My mother has a friend who occasionally flies into a small municipal airport served by a commuter airline that partners with major carriers. When it came time for the friend to return home, I drove my mother and the friend to the airport. The friend had not purchased the return ticket in advance, so decisions were being made on the spot at the counter. The choices for connection with the major carrier were Frontier and Continental. Continental allowed in-cabin pets in a soft pet taxi, but it cost $400 more than Frontier. Frontier would not allow in-cabin pets.
Although she chose Frontier, the commuter airline said the friend could put the dog in the cabin for the flight to the connecting hub, and could at least have the dog with her until it came time to board Frontier for the leg home. However, she had left the soft pet taxi at my mother’s house, and only had a hard-sided taxi for the cargo hold.
I was not on the flight, but my hell was having to witness the weeping and wailing and gnashing of teeth that ensued when the baggage handlers put the precious doggy in the bottom of the cargo hold and began stacking other luggage on top of it, all in full view of the ground-level terminal where we stood. The poor friend looked like one of those horrible scenes you see on the news when a there’s a bus crash in a third-world country. She was bawling and blubbering and had liquid flowing from every opening on her face.

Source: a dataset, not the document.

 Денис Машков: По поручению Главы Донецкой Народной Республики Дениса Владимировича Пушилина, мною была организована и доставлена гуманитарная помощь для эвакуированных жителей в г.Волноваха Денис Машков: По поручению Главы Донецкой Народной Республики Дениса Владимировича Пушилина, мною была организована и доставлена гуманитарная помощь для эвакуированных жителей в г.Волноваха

Then she had to go through security which was just an adjoining room, and wait for the boarding call while my mother and I waited in the first room. When it finally came time to board, she stood and turned to the window and she and my mother put their hands on the glass like you would see in a prison movie. At that moment, this story went from the “Animal” category to the “Illness” category because I threw up a little in my mouth.